# Screw sizes for the plunge base on Bosch 1617



## deck99 (Mar 20, 2006)

Anyone know what size screws the plunge base takes on the Bosch 1617evspk?

Thanks,

deck


----------



## bobj3 (Jan 17, 2006)

Hi Deck

The norm is M4 x 16mm but your best to get replcement ones that are a bit longer M4 x 20mm Allen flat head from Ace Hardware..

Bosch maunal below
http://www.plumbersurplus.com/pdf/09575.pdf

========


----------



## deck99 (Mar 20, 2006)

Bob,
What's the M4, the length? 16mm is the screw size?


----------



## bobj3 (Jan 17, 2006)

Hi Deck

M4 is the diam. and the thread size (in metric), the 16mm is the over all length from the top of the head to the bottom of the screw...(on a flat counter sunk type metric screw )
==============

But in the states it would be called out like 8-32 x 5/8" in SAE sizes.
8 is the diam.32 is the threads per. in. and the 5/8" is the over all length.

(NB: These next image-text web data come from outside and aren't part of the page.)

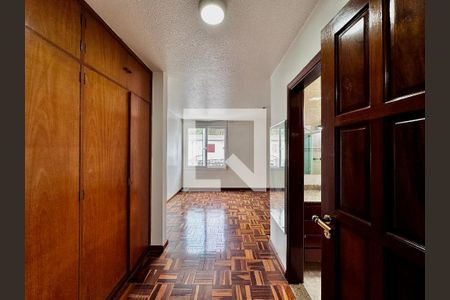 Casa à venda com 155m², 3 quartos e 2 vagas Casa à venda com 155m², 3 quartos e 2 vagasCloset Suíte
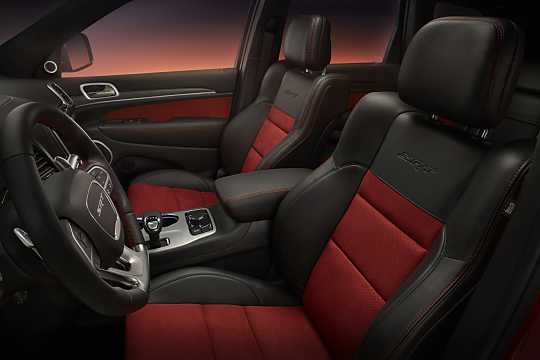 Interior of Jeep Grand Cherokee SRT 6.4 V8 4WD Automatic, 468hp, 2015 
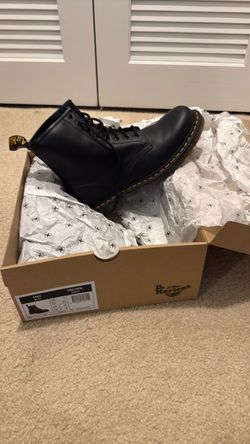 New! Dr. Martens 1460 Black Smooth Boots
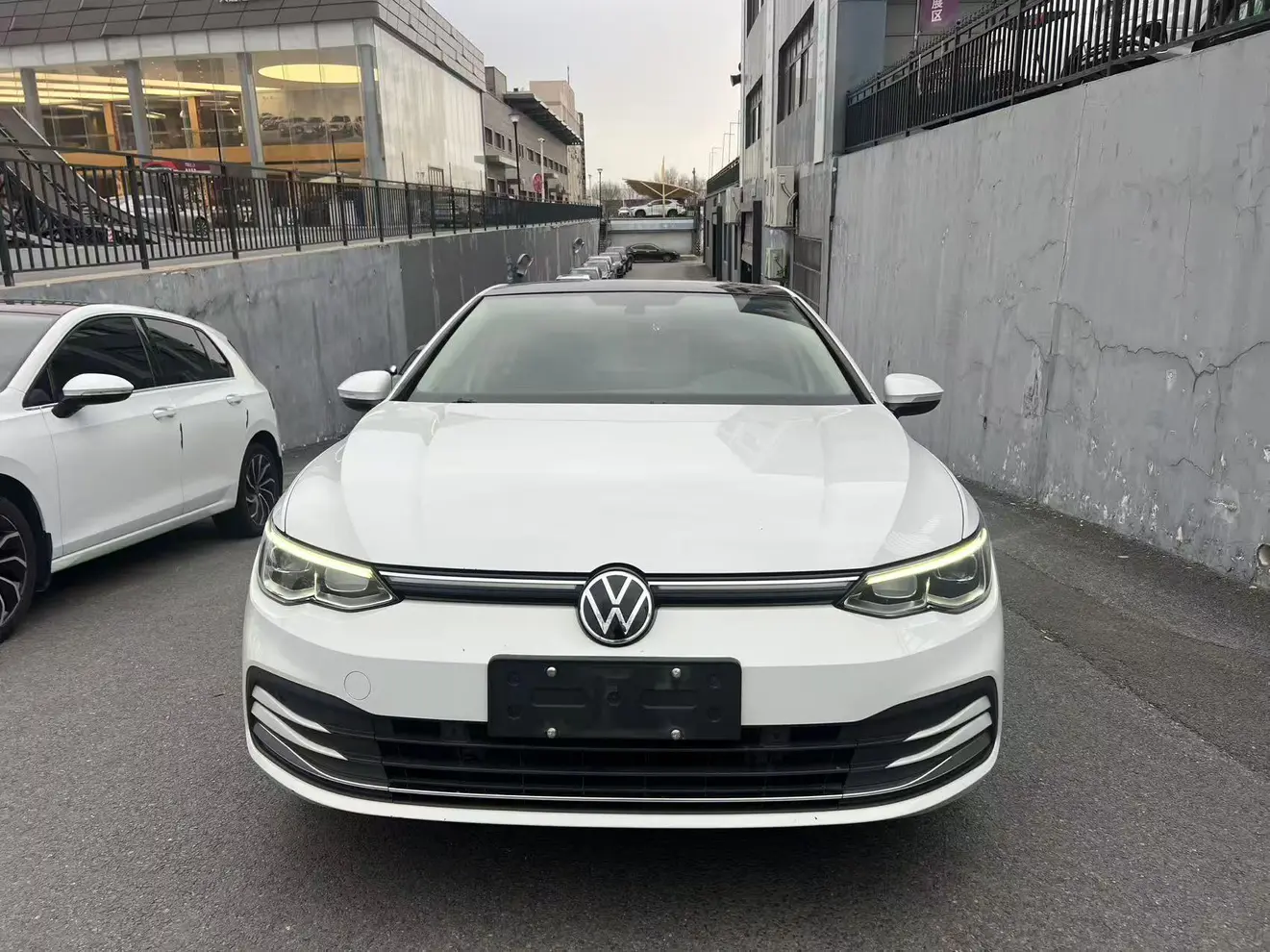 Volkswagen Golf  из Китая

http://www.boltdepot.com/fastener-information/Measuring/Notation.aspx


=========



deck99 said:


> Bob,
> What's the M4, the length? 16mm is the screw size?


----------



## deck99 (Mar 20, 2006)

Thanks bob.

Deck


----------



## dovetail_65 (Jan 22, 2008)

*Screw sizes for all routers*

I did not know where to put this so I thought it might go here:

Opening with basic notepad is probably best.This list states the base screw sizes for various routers. If anyone can add to the list or can make changes please do.

I was going nuts last night as I have so many routers and all had different screw sizes and I could not find a list all in one place. If this is in the forum already let me know where it is or where we can put something like this to be easily found.


----------



## deck99 (Mar 20, 2006)

Thanks nickao65.

This will be nice to print out and put with my router manual.

Deck


----------